Impossible, cher Xilef, de te décrire avec quelque apparence de fidélité l'immense émotion produite par ce chant inouï. En l'écoutant tous les fronts s'inclinaient peu à peu, tous les cœurs se gonflaient; on voyait ça et là des auditeurs joindre les mains, les élever machinalement sur leurs têtes; nos jeunes femmes fondaient en larmes, et à la fin, au retour de l'immortelle phrase:

 
«Ce n'est pas vous faire une offense
Que de vous conjurer de hâter mon trépas.»
 

Nadira, accoutumée à l'enthousiasme bruyant de ses Viennois, a dû éprouver un instant d'angoisse horrible: pas un applaudissement ne s'est fait entendre. Le cirque entier s'est tu, terrassé; mais, après une minute, chacun retrouvant la respiration et la voix (admire encore une fois le sens musical de nos Euphoniens), sans que le préfet des chœurs ni moi nous ayons fait le moindre signe pour désigner l'harmonie, un cri de dix mille âmes s'est élancé spontanément sur un accord de septième diminué, suivi d'une pompeuse cadence en ut majeur. Nadira, chancelante d'abord, se redresse à cette harmonieuse clameur, et, élevant ses bras antiques, belle d'admiration, belle de joie, belle de beauté, belle d'amour, elle dépose la couronne sur la tête puissante de Gluck l'Olympien. Alors inspiré à mon tour par cette scène auguste, et pour adoucir un enthousiasme qui tournait à la passion, déjà jaloux peut-être, je fis le signe de la marche d'Alceste, et tous à genoux, Euphoniens fervents, nous saluâmes le souverain maître de sa religieuse mélopée.

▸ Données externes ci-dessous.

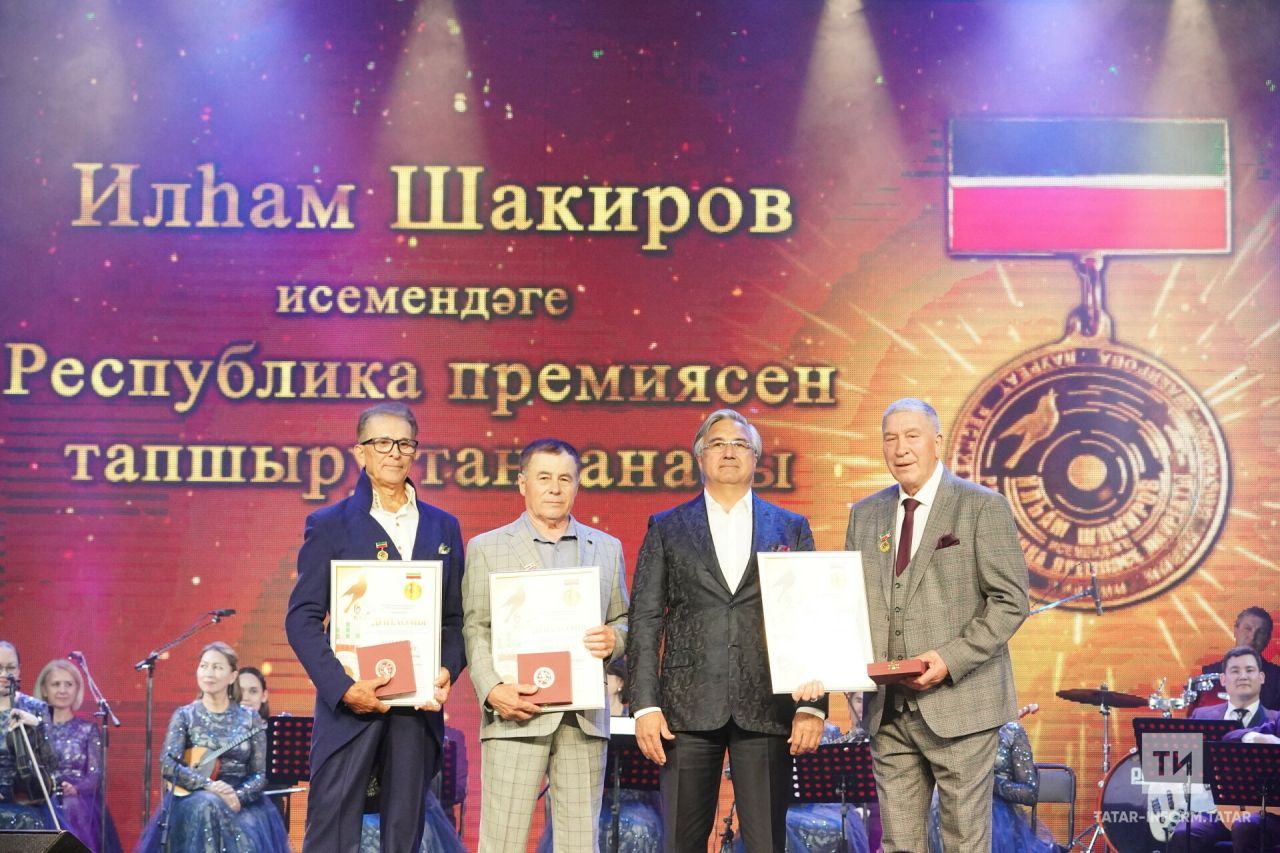 Илһам Шакиров кебек кем җырлый?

En nous relevant, nous cherchons Nadira: elle avait disparu. A peine retiré chez moi, je la vois entrer. Elle s'avance, s'incline et dit: «Shetland, tu m'as initiée à l'art, tu m'as donné une existence nouvelle; je t'aime… Peux-tu m'aimer? Je te fais don de tout mon être; ma vie, mon âme et ma beauté sont à toi.» Je réponds après un instant de doute silencieux, et en songeant à mon ancien amour qui s'évanouissait: «Nadira, tu m'as fait voir hors de l'art un idéal sublime… Sincèrement je t'aime… je t'accepte… Mais si tu me trompes, aujourd'hui ou jamais, tu es perdue. – Aujourd'hui ni jamais je ne puis te tromper; mais dussé-je payer par une mort cruelle le bonheur de t'appartenir, je le veux, ce bonheur, je te le demande… Shetland! – Nadira!..» Nos bras… nos cœurs… nos âmes… l'infini…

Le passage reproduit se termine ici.